Phospholipase D activation in hepatocyte growth factor-stimulated rat hepatocytes mediates the expressions of c-jun and c-fos: Involvement of protein tyrosine kinase, protein kinase C, and Ca2+

Abstract

Hepatocyte growth factor (HGF) activated phospholipase D (PLD) in primary‐cultured rat hepatocytes, as assessed by the formation of phosphatidylbutanol (PBut), a specific and stable product of PLD activity in the presence of 0.3% butanol. PLD hydrolyzes phosphatidylcholine to choline and phosphatidic acid (PA), which is further metabolized to diacylglycerol (DG) by PA phosphohydrolase (PAP).

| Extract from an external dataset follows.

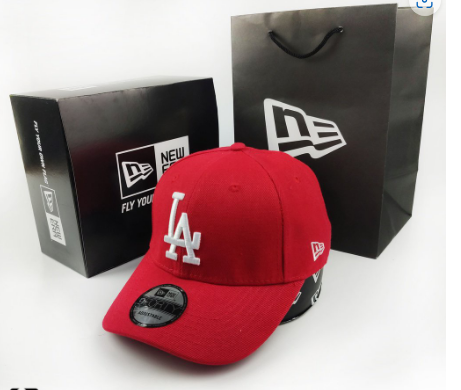 6.6 PROMOMEGA LA Dodgers Los Angeles Red White Baseball Cap Premium Branded WH4V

In HGF‐stimulated hepatocytes, butanol prevented the formation of PA and DG. A PAP inhibitor, propranolol, inhibited DG production with a reciprocal increase of PA, implying that PLD played a role in the formation of not only PA but DG. Inhibitors for protein kinase C (PKC), Ro31‐8425, H‐7, and calphostin C, reduced HGF‐induced PLD activation. A protein tyrosine kinase (PTK) inhibitor, genistein but not its inactive analogue daidzein, inhibited PLD activation by HGF. Moreover, depletion of extracellular Ca²⁺ by omission of Ca²⁺ or by chelating residual Ca2+ with ethyleneglycol‐bis(β‐aminoethyl ether)‐ N,N,N′,N′‐tetraacetic acid (EGTA) abolished HGF‐induced PLD activation. HGF, phorbol myristate acetate (PMA) and a DG analog, oleylacetylglycerol (OAG), activated the expression of c‐jun and c‐fos messenger RNAs (mRNAs). Ro31‐8425, calphostin C, and genistein, which prevented HGF‐induced PLD activation, inhibited induction of these immediate early genes. Butanol and propranolol at concentrations which effectively inhibited the formation of DG, suppressed HGF‐induced expression of c‐jun and c‐fos mRNAs. However, HGF‐induced mitogen‐activated protein kinase (MAPK) activation was not affected by both butanol and propranolol. These results suggest that PTK, PKC, and Ca²⁺ regulate HGF‐induced PLD activation, and that DG produced by PLD pathway may play a role in the induction of immediate early genes, which is activated in MAPK‐independent manner, in rat hepatocytes.